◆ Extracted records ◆
+ + + +

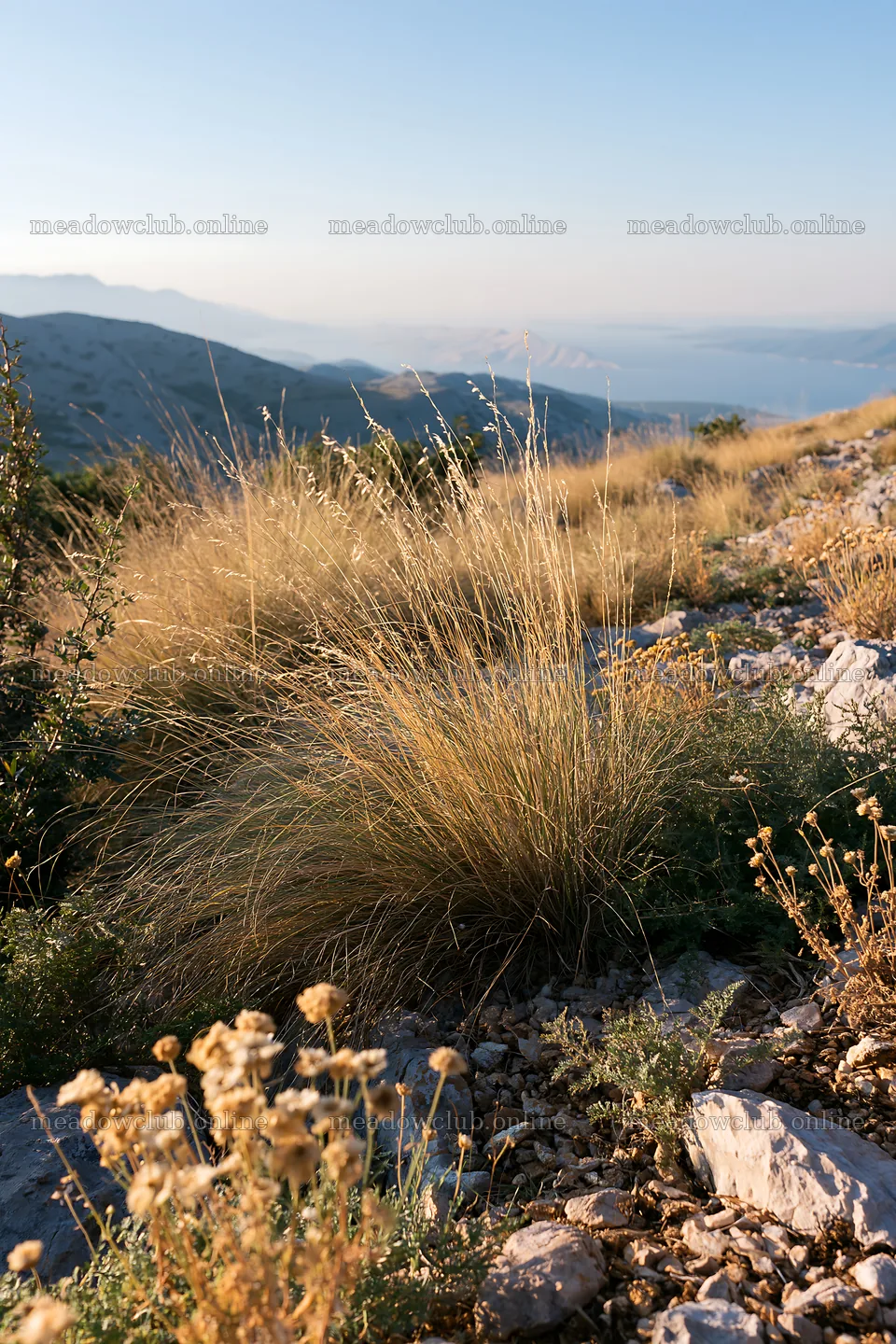 Drought-tolerant meadow with grass and rocky terrain – meadow photos 6480x9722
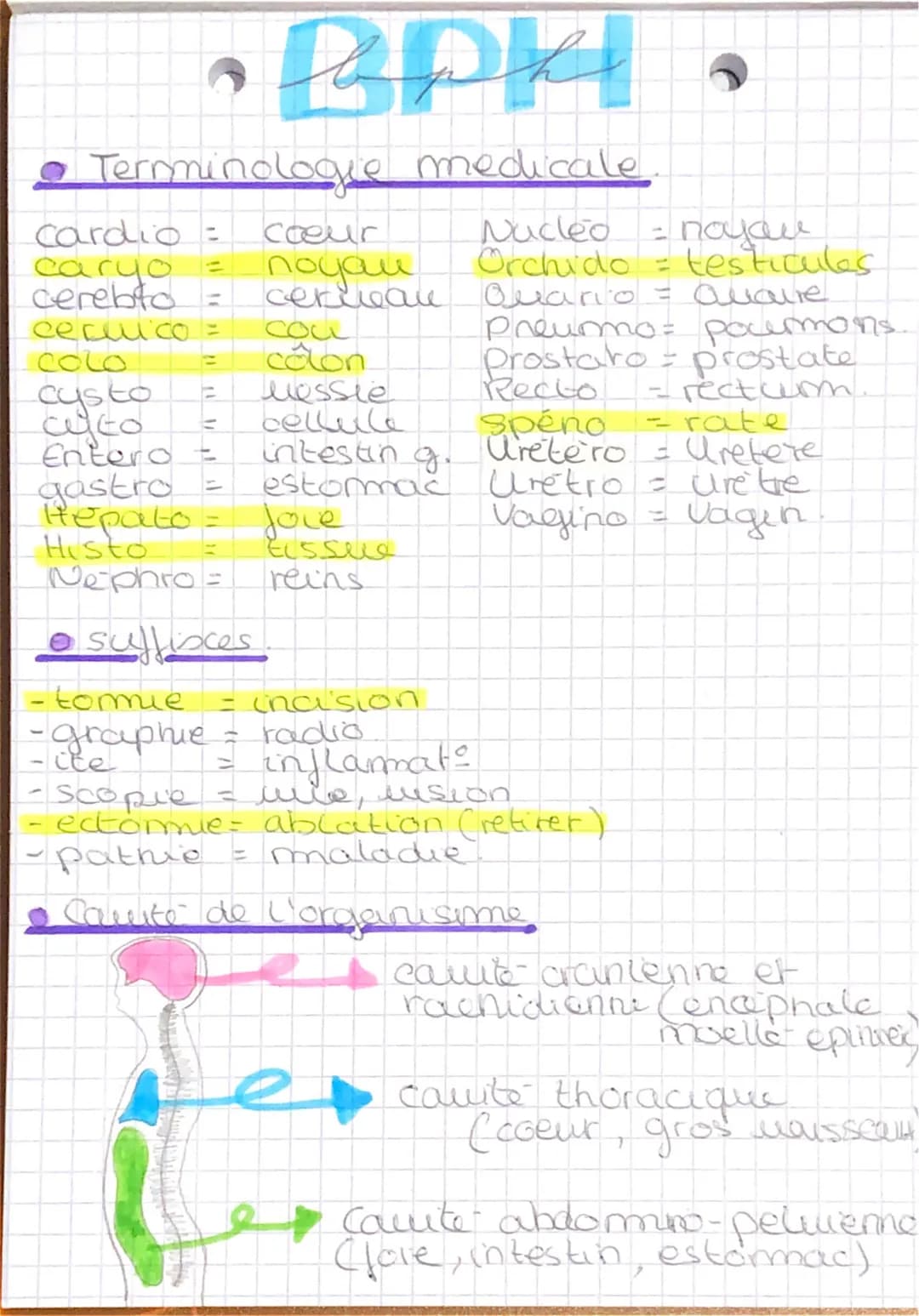 # BPH

• Terminologie medicale.

cardio: = coœur
caryo = noyau
cerebto= ceribeau
ceclico = cou
colo = celon
cysto = Messie
cyto = cellule
En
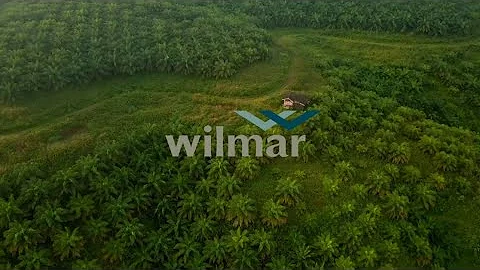 DBS Insights – Food & Agribusiness ESG Series: Sustainable Supply Chain (Wilmar)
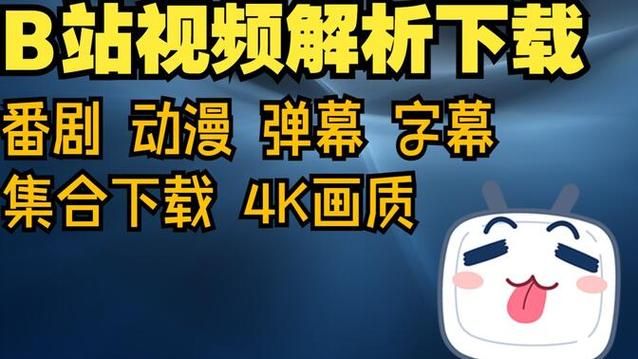 b站如何看港澳台番剧 最新教程分享给你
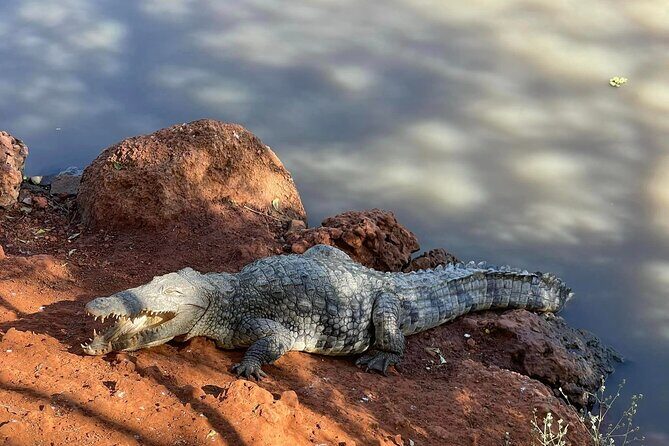safari at the bandia reserve - FAQs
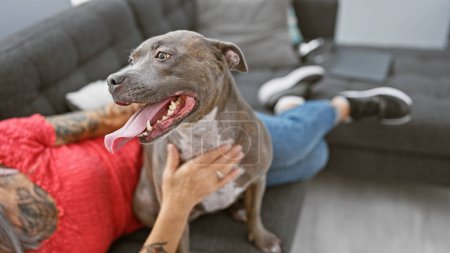 Téléchargez les photos : Scène chaleureuse de la maison d'une femme d'âge moyen, profondément amoureuse de son chien, touchant doucement son animal couché sur le canapé dans leur salon confortable - en image libre de droit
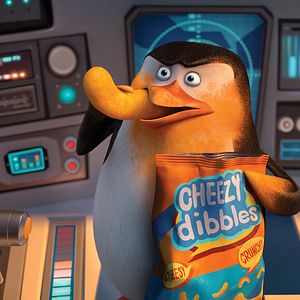 Bilder Die Pinguine aus Madagascar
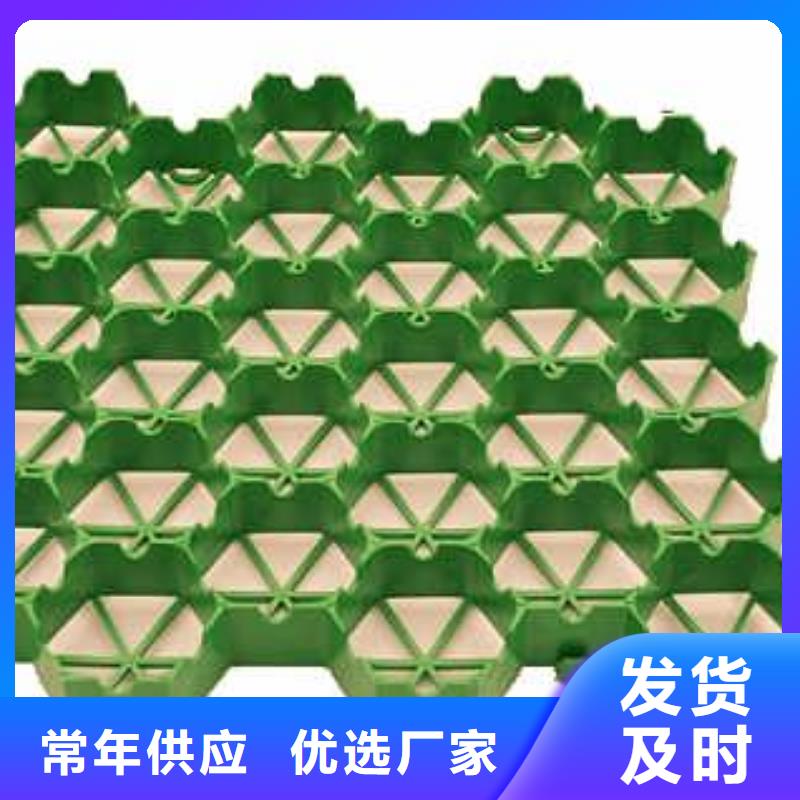 植草格,【HDPE土工膜】厂家恒丰HDPE土工膜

+ + + +

Excluding all pictures, print exactly and only the lines from the line with "ceclico = cou" through the end of the records above, both ends included.

ceclico = cou
colo = celon
cysto = Messie
cyto = cellule
En
 DBS Insights – Food & Agribusiness ESG Series: Sustainable Supply Chain (Wilmar)
 b站如何看港澳台番剧 最新教程分享给你
safari at the bandia reserve - FAQs
 Téléchargez les photos : Scène chaleureuse de la maison d'une femme d'âge moyen, profondément amoureuse de son chien, touchant doucement son animal couché sur le canapé dans leur salon confortable - en image libre de droit
 Bilder Die Pinguine aus Madagascar
 植草格,【HDPE土工膜】厂家恒丰HDPE土工膜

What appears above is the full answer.